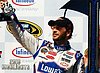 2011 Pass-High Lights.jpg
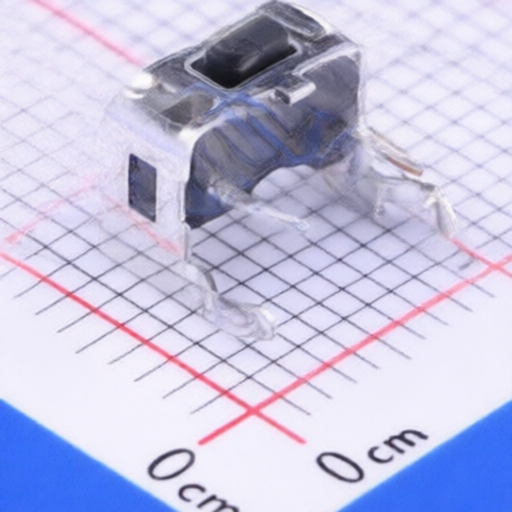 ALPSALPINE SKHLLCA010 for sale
==
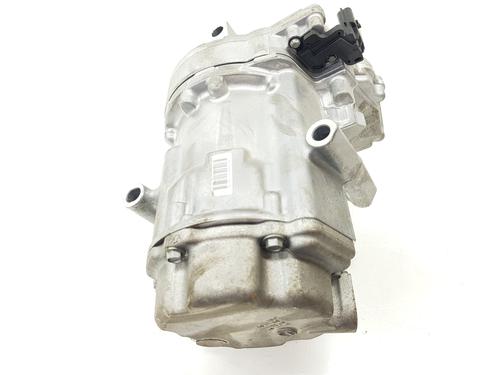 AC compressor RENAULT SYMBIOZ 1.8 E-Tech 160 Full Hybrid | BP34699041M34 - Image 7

**Requirement**
Would you output the lines above from the line holding "2011 Pass-High Lights.jpg" up to and including the line holding "ALPSALPINE SKHLLCA010 for sale", exactly and only those, with no pictures?

**Expected answer**
 2011 Pass-High Lights.jpg
 ALPSALPINE SKHLLCA010 for sale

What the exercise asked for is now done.